My father was born on August 18th, 1905 in Waterbury, Connecticut, the only son of Minnie Mecabe Grant and Abraham Lincoln Grant.  I don't know much about my grandfather "Linc," because he died three months before my father was born.  I was told he was born in Concord, California, the youngest of ten children and ran away from home to San Jose when he was twelve.  He learned the trades of carpenter and mechanic, and owned a small circus and one of the first Edisonphones in California, which he used to give "concerts" at Sierra Nevada mountain mining camps during the winter season.  At one point, he visited some relatives back in New York where he met my grandmother.  I've been told Minnie Mecabe was a very talented pianist.

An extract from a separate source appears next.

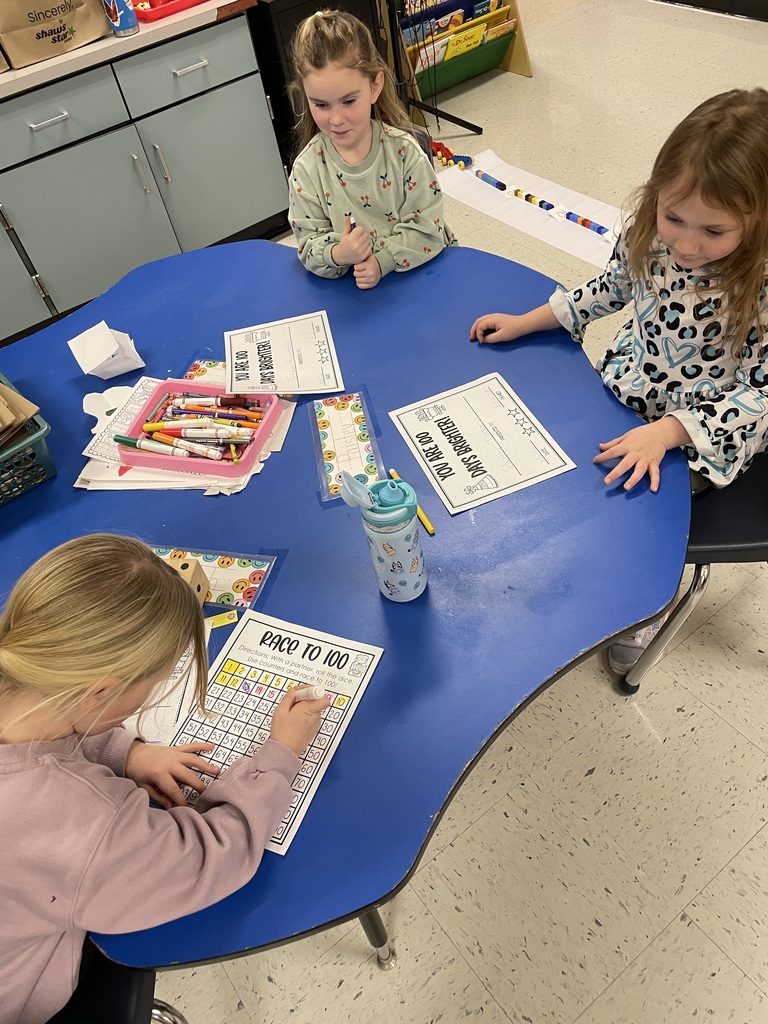 Three young children sit around a blue classroom table working on ‘Race to 100’ math worksheets. One child colors in numbers on a hundreds chart while the others watch and wait their turn. Crayons, markers, papers, and a water bottle are on the table, and a long line of colorful blocks on paper is visible on the classroom floor in the background.”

After Minnie and Linc married, they settled in Waterbury, for reasons I'm not sure of, but suspect it was because Waterbury at that period was a major center of US tool machine manufacturing.  After the birth of my father, the family moved to Wappingers Falls, New York, (50 miles north of New York City on the Hudson River) where many of my grandmother's relatives lived.  Lincoln Grant's occupation as listed on my father's birth certificate is "machinist."  It seems Dad may have inherited his manual skills and intuition with respect to matters mechanical from both sides.  His friends would tell me, "Your father could make ball bearings on a belt sander."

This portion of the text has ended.